Soft and chewy, these hearty cowboy cookies are delicious! The oatmeal cookie dough is loaded with coconut, toasted pecans, and chocolate chips. Yum!
I’m not normally a fan of nuts in cookies, but for these amazing cowboy cookies, I always make an exception!
The combination of all the texturally perfect ingredients makes these one of my favorite cookies ever.
What Makes a Cowboy Cookie a Cowboy Cookie
The cookie dough for these cowboy cookies is modeled after my favorite oatmeal chocolate chip cookie recipe, which means it is straightforward (no secret ingredients or chilling!) and simple.
What makes a cowboy cookie unique are the add-ins:
- chocolate chips
- toasted pecans
You can find a variety of cowboy cookie recipes online that also include other ingredients like cornflakes or other crunchy ingredients (I have an VERY old recipe for one just like that). But the oats, coconut, chocolate and pecans are the most traditional for this cookie.
Don’t Over Mix the Cookie Dough
Did you know that it can mean death to a soft and chewy cookie if the dough is over mixed?
Don’t make that mistake! When mixing in the final ingredients to the cookie dough, mix just until combined and the ingredients are evenly distributed throughout the dough.
Sometimes I use a wooden spoon or even my hands for this step instead of using the super powerful electric mixer that can easily get out of hand. 😉
If the cookie dough is over mixed, the cookies can flatten while baking and end up thin and flat instead of soft and chewy.
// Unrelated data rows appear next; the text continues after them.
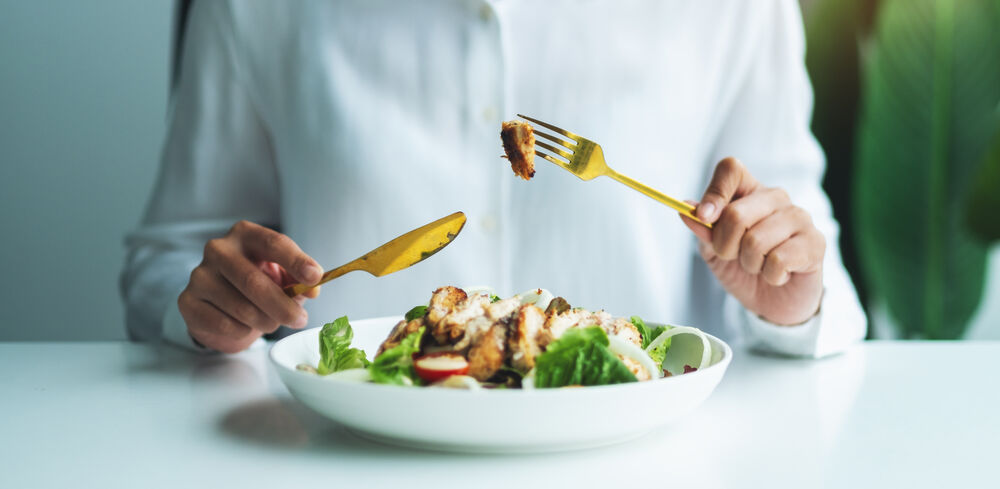 Pessoa comendo salada saudável com frango grelhado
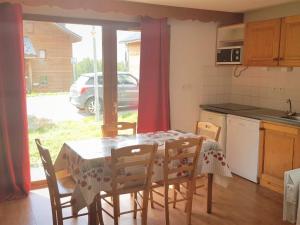 een keuken met een tafel en stoelen en een keuken met een raam bij Appartement La Joue du Loup, 2 pièces, 6 personnes - FR-1-504-482 in Le Dévoluy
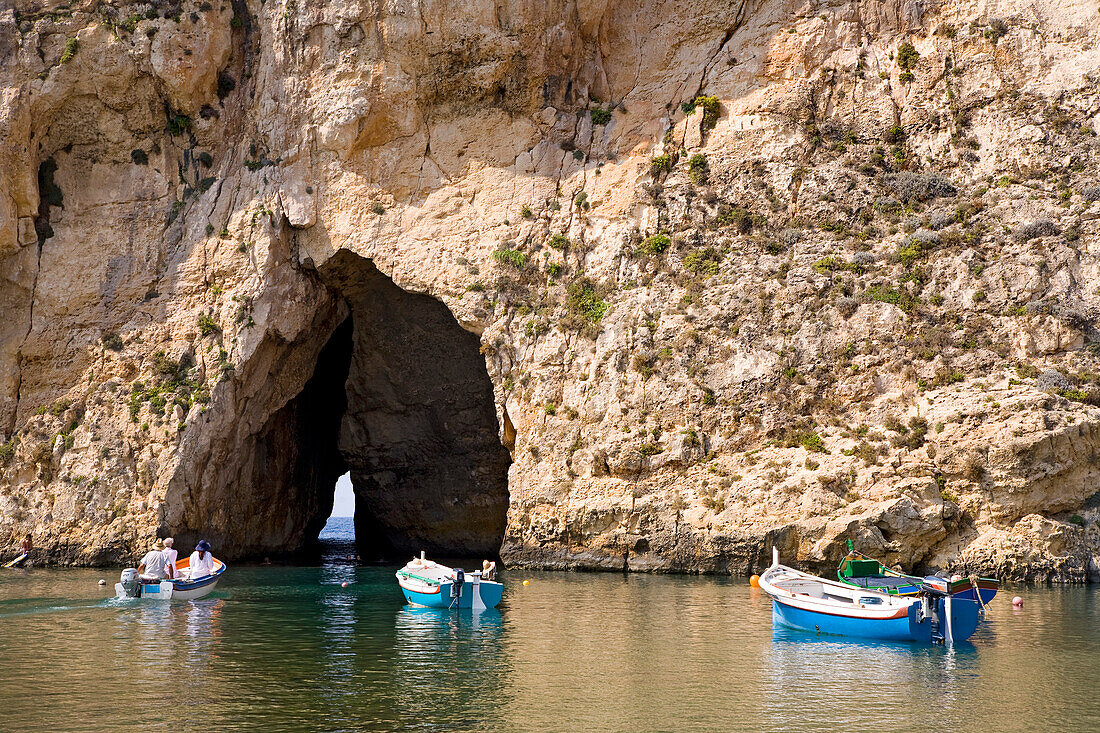 Boats on Dwejra Lake in front of a cave, Gozo, Malta, Europe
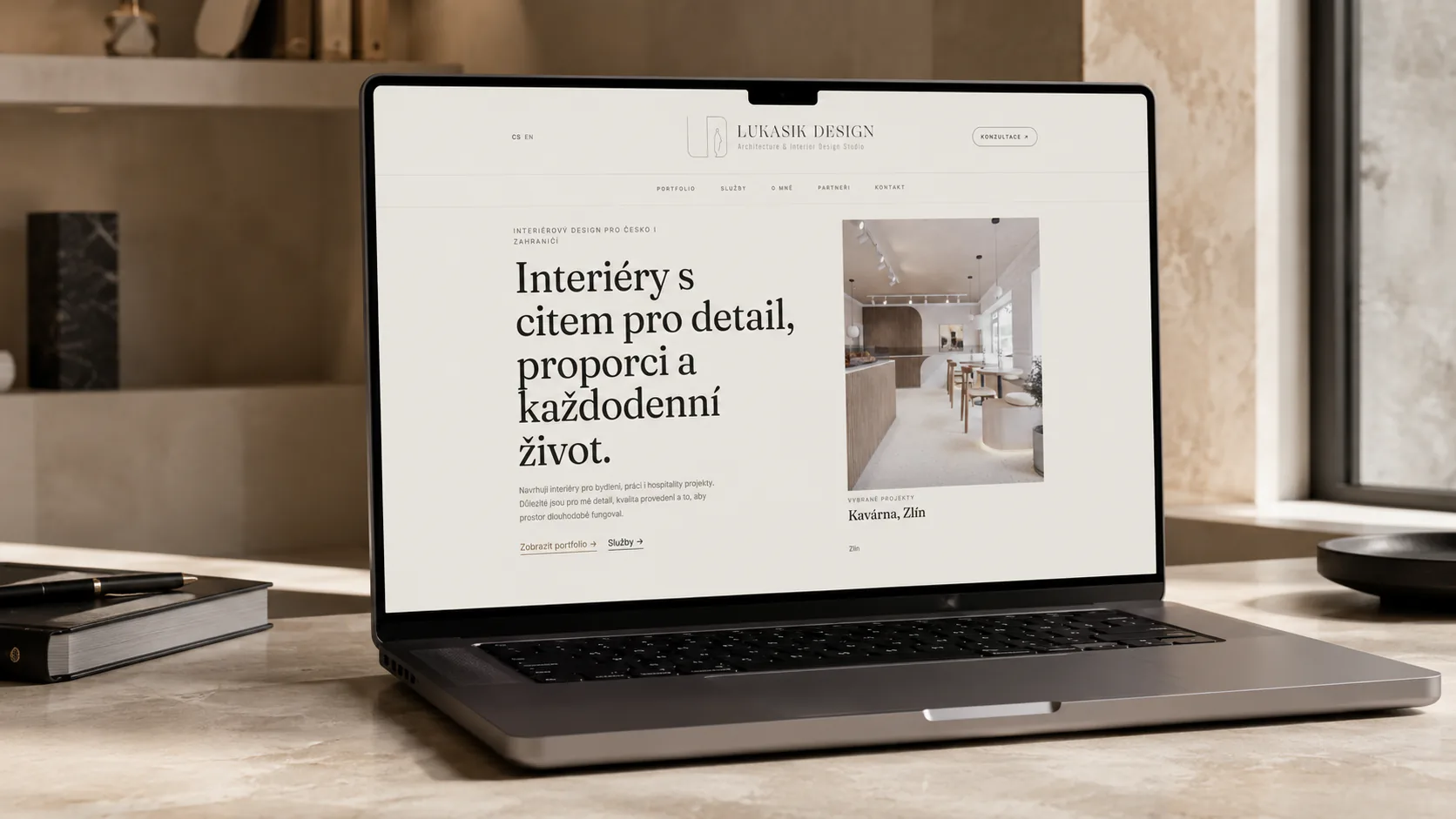 The Lukasik Design homepage open on a laptop: the studio claim on the left, a featured café project in Zlín on the right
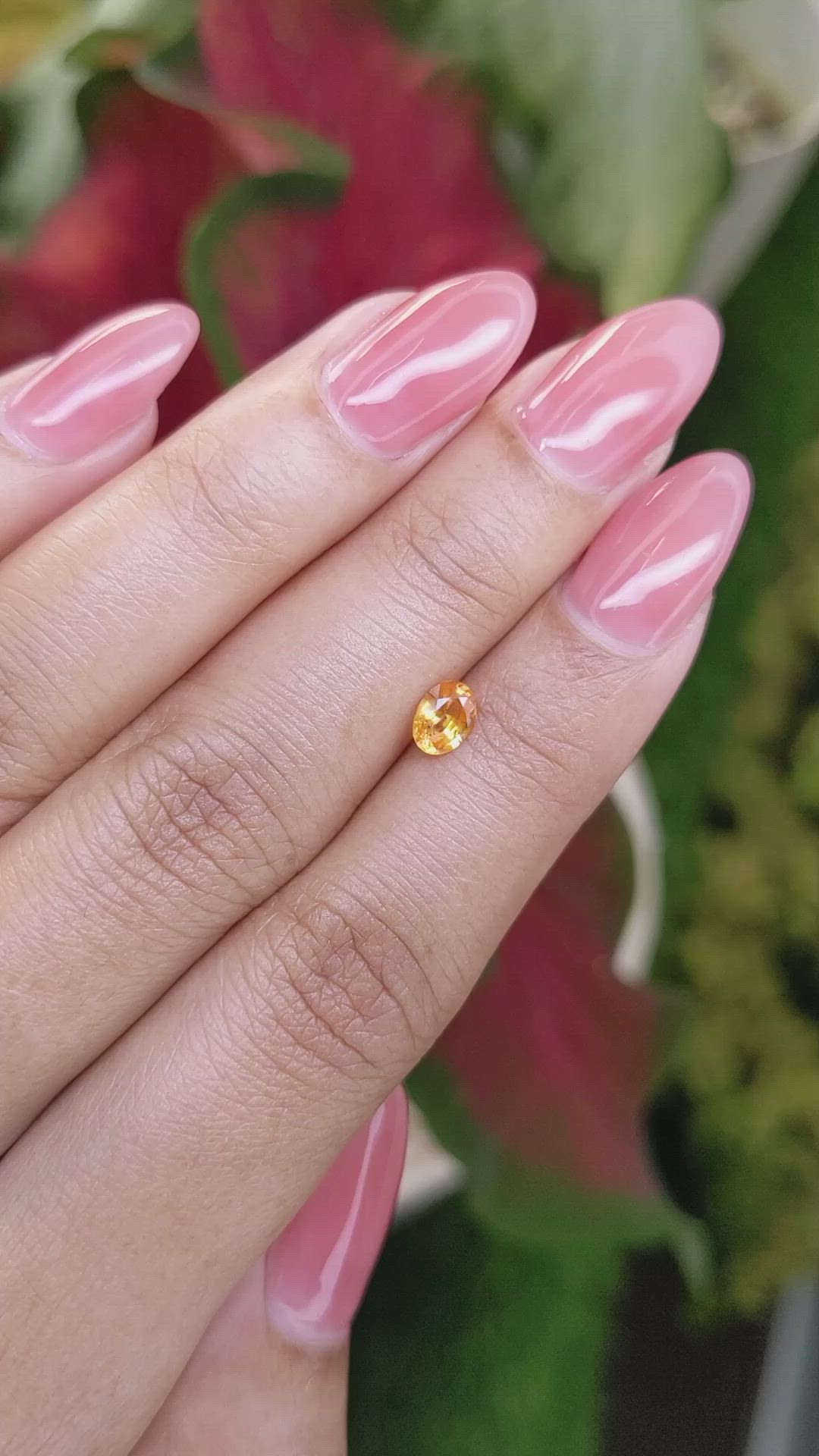 0.51 Ct. Orange Sapphire from Ceylon (Sri Lanka) Size Video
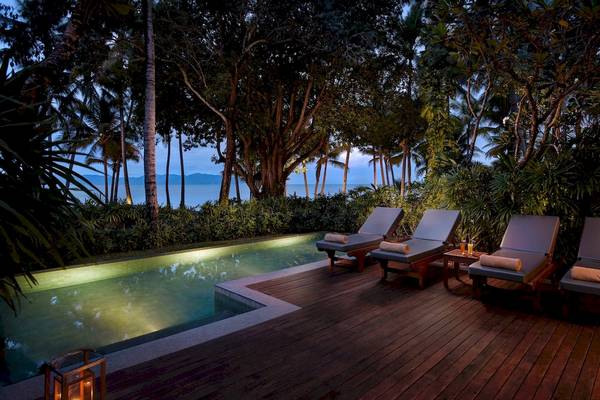 Pool-Lounge-Bereich im Santiburi Koh Samui Hotel mit vier Liegen und Meerblick.
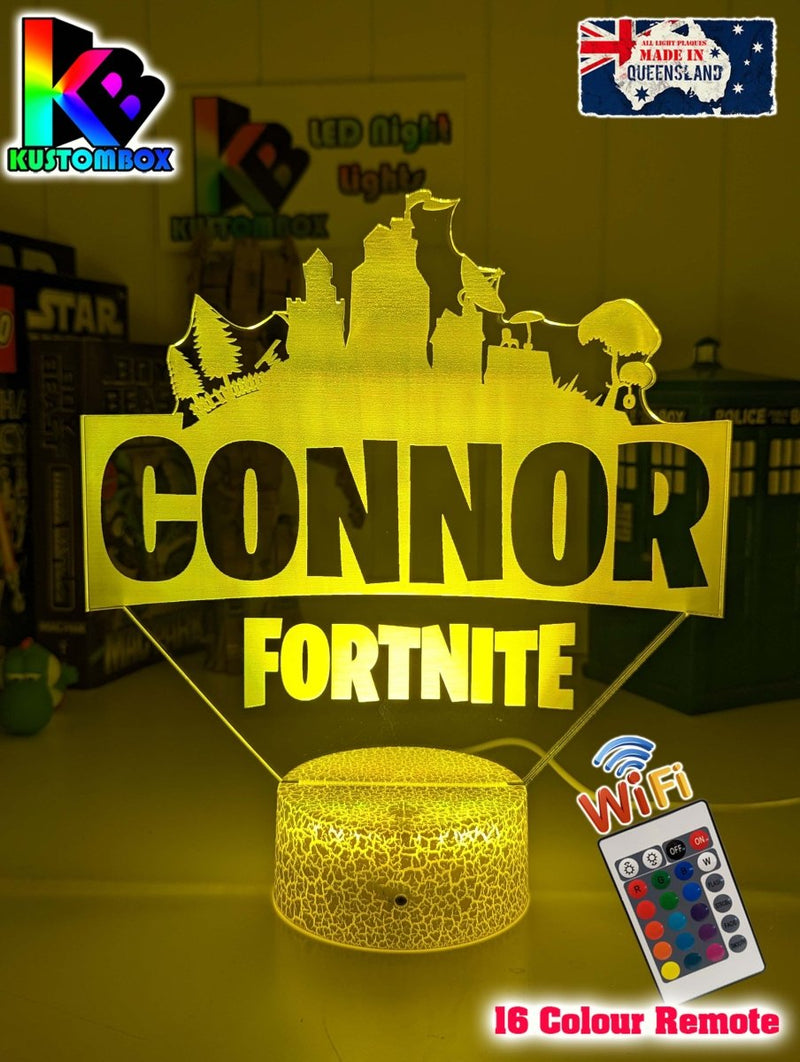 Personalised LED night light with Fortnite design and custom name acrylic lamp glowing on white background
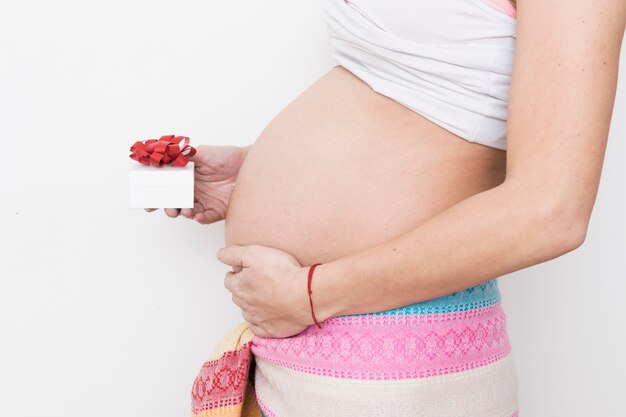 Pregnant woman with present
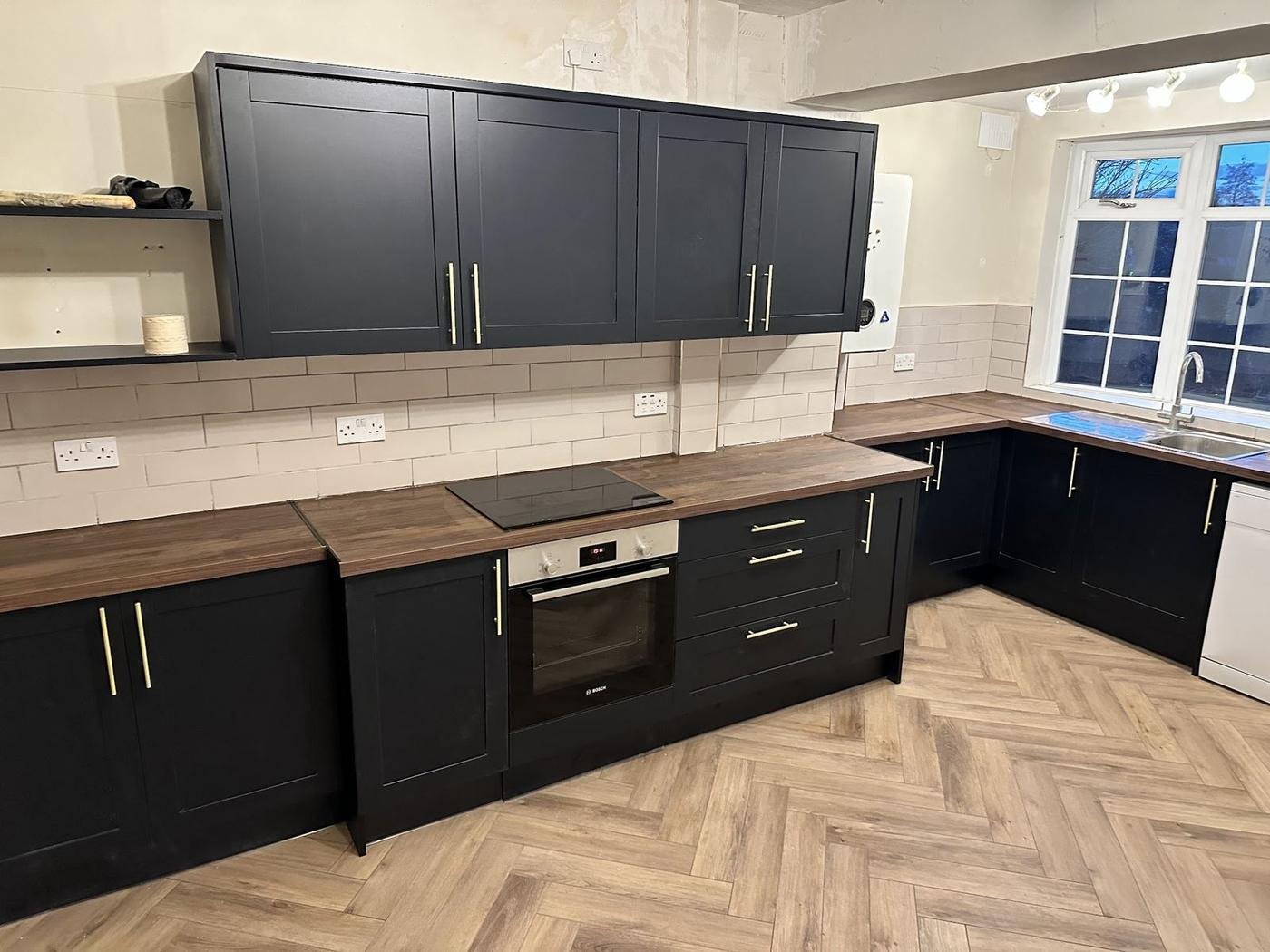 Navy kitchen units with a wood worktop and herringbone floor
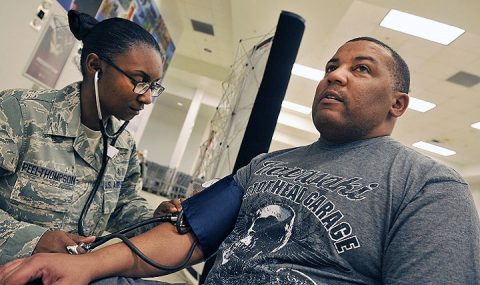 U.S. Air Force Staff Sgt. Alecia Peel-Thompson, 18th Medical Operations Squadron aerospace medical technician, checks the blood pressure of a patient. The Joint Outpatient Experience Survey will combine patient surveys used by the services to learn about beneficiary health care experiences with the goal of making them better. (U.S. Air Force Naoto Anazawa)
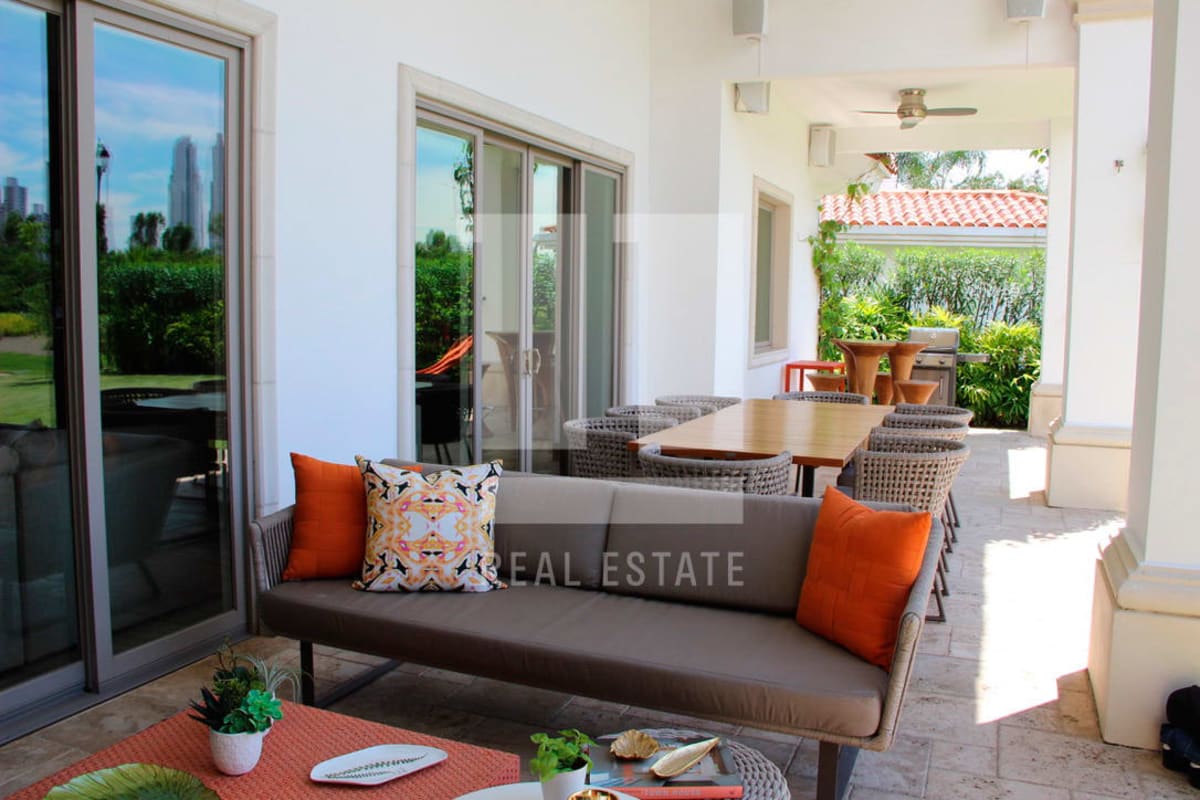 Modern kitchen with granite countertops stainless appliances and breakfast bar in luxury home Santa Maria Panama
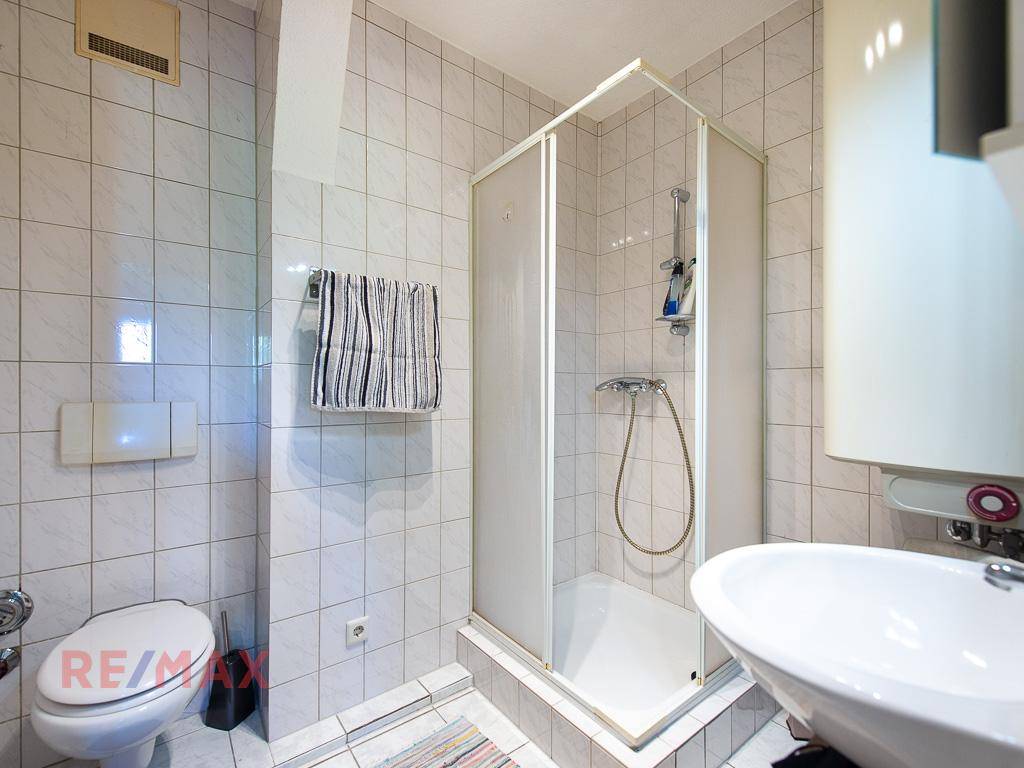 Badezimmer mit Duschkabine, WC und Waschbecken, komplett gefliest in Weiß.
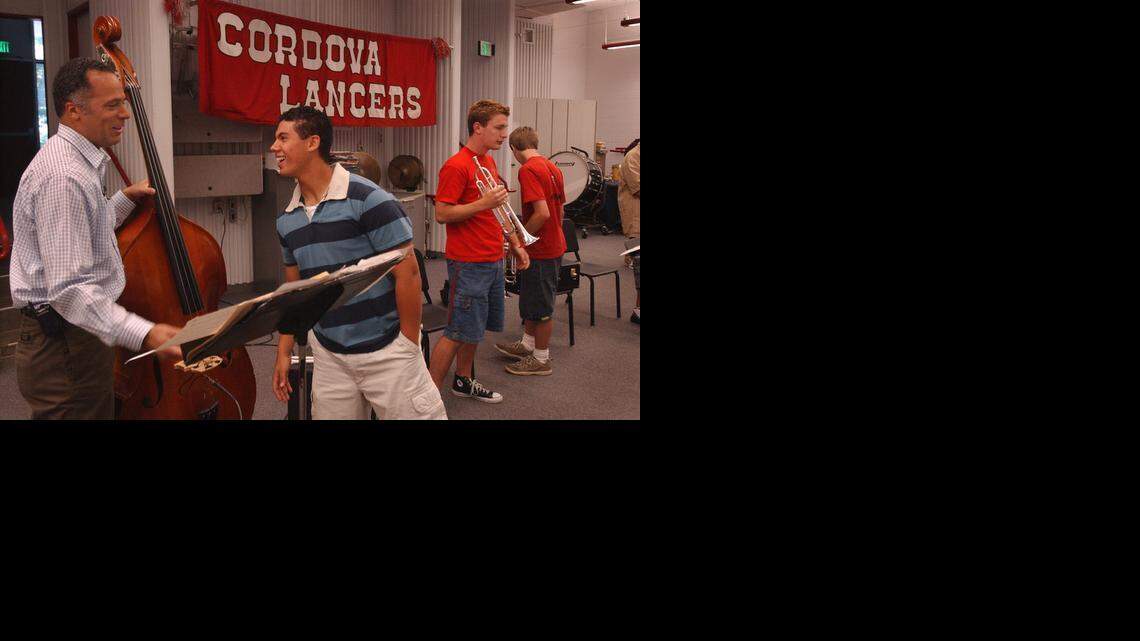 
Cordova High School band drummer Rocky Burris chats with 1977 graduate Lester Holt, left, of NBC News during band rehearsal in May 2004. Holt visited Cordova as part of a “Today Show” segment in which reporters visited their high schools.
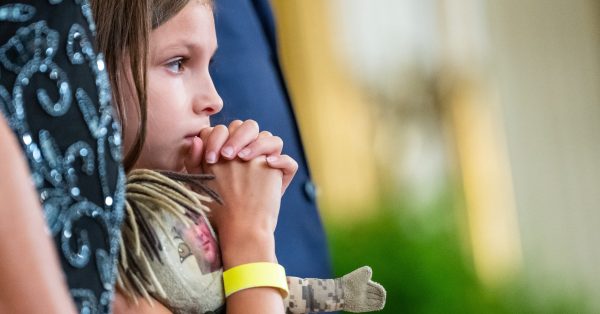 Brielle Robinson, daughter of Sgt. First Class Heath Robinson, listens during a signing ceremony for the "Sergeant First Class Heath Robinson Honoring our Promises to Address Comprehensive Toxics (PACT) Act of 2022" Wednesday, August 10, 2022, in the East Room of the White House. (Official White House Photo by Erin Scott)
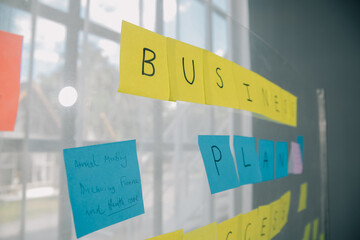 Young creative team professional using post it notes in glass wall to writing strategy business plan to development grow to success.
A Texturally Perfect Cookie
These cowboy cookies bake up like a dream. Not too flat. Not too puffy.
See the notes in the recipe about troubleshooting cookies that may flatten too much or stay too puffy.
And they are a hearty cookie. Not in a way that makes them unappealing. But in a way that makes them dangerously desirable.
I sent a batch of these into my husband’s workplace last week, and he texted me within minutes of arriving saying: “everyone is going crazy for the cookies.”
Adaptations and Substitutions
And because I know I’ll probably get asked this question: yes, you can leave out the nuts or sub in a different kind of nut, if you’d like.
Just make sure to toast the nuts before using! It makes a huge difference in flavor. I use this easy method to toast them in the microwave.
You can also play around with the chocolate chip and coconut amounts, as long as they stay within about 1/2 cup of the original amount, otherwise it could affect the outcome of the baked cookie.
And let me issue one final warning before ending this riveting blog post: be aware that your house is going to smell all sorts of amazing while these babies are baking. They have a toasty, delicious warmth to them that is unparalleled. Enjoy!
- 1 cup (227 g) butter, softened (I use salted butter)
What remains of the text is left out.